Schaff Trend A Faster And More Accurate Indicator_1
Post on: 16 Март, 2015 No Comment
The Moving Average Convergence-Divergence (MACD) indicator is one of the easiest and most efficient momentum indicators you can get. It was developed by Gerald Appel in the late seventies. The MACD moves two trend following indicators and moving averages into a momentum oscillator by subtracting the longer moving average from the shorter moving average. The result is that the MACD gives the best of both worlds: trend following and momentum. The MACD is continually changing above and below the zero line while the moving averages come together, cross and diverge. Traders can search for signal line crossovers, centerline crossovers as well as divergences to generate signals. For that reason the MACD is unbounded, it is not necessarily useful for identifying overbought and oversold levels. Note: MACD is pronounced as either MAC-DEE or M-A-C-D. Take a look at the sample chart with the MACD indicator in the lower panel:
Calculation
The MACD Line is the 12-day Expotential Moving Average(EMA) minus the 26-day EMA. Closing prices are used for these moving averages. A 9-day EMA of the MACD Line is plotted with an indicator to function as a signal line and identify turns. The MACD Histogram denotes the difference linking MACD and its 9-day EMA, the Signal line. The histogram stays positive when the MACD Line is above its Signal line and negative when the MACD Line is below its Signal line. The values of 12, 26 and 9 are the typical setting used with the MACD, but other values can be exchanged depending on your trading style and goals.
Interpretation
The MACD is about the convergence and divergence of the faster and slower moving averages. Convergence occurs when the averages move towards each other. Divergence occurs when the averages move away from each other. The shorter moving average is faster and more responsive. The longer moving average is slower and less reactive to price changes. The MACD Line moves above and below the zero line also known as the centerline. The direction, of course, depends on the direction of the moving average cross. A positive MACD is when the shorter moving average crosses above the longer moving average. As the shorter moving average moves further above the longer moving average (diverges) this means the stock price upside momentum is increasing. When the short moving average drops below the long moving average, it demonstrates that the stock shows a downward momentum.

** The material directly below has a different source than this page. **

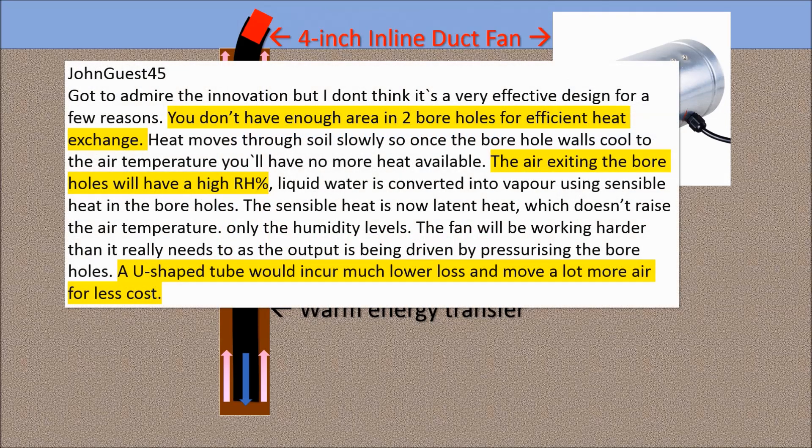I've gotten a lot of constructive feedback from viewers. One commenter noticed that my GATT system simply doesn't touch enough volume of warm underground soil to be efficient. He also noted that air emerging from an open hole system increases greenhouse humidity, which isn't ideal. He suggested using a U-shaped configuration to maximize airflow.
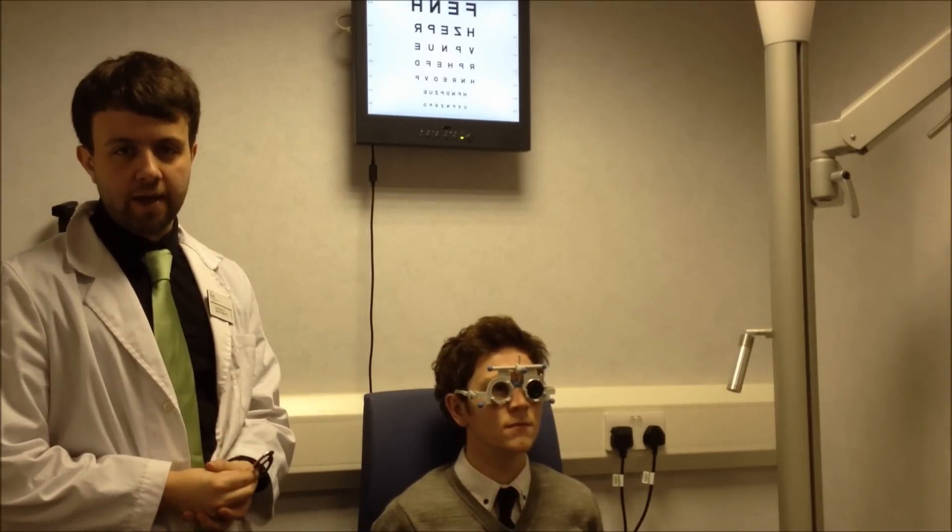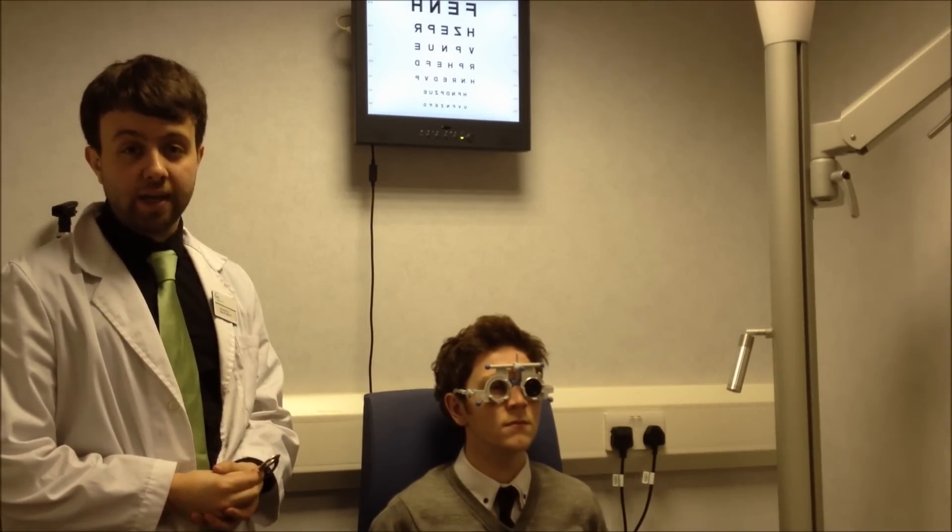How does that feel, Sean? That's great, thank you. Nice and comfortable? Good, excellent. So now that the lens is settled in the eye, we're just going to check that the prescription is accurate.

The yellow area shows the MACD Line in negative territory as the short line is below the long line. In this chart, the crossing occurred at the end of September (see the black arrow) and the MACD moved diverged further into negative territory as the short moving average moves further away from the long moving average. The orange area highlights the period of positive MACD values, which is when the short moving average moves above the long moving average. Notice that the MACD Line stayed below during this period (red dotted line). The red line means that the distance between the slow EMA and long EMA was less than 1 point, which is not a much of a difference.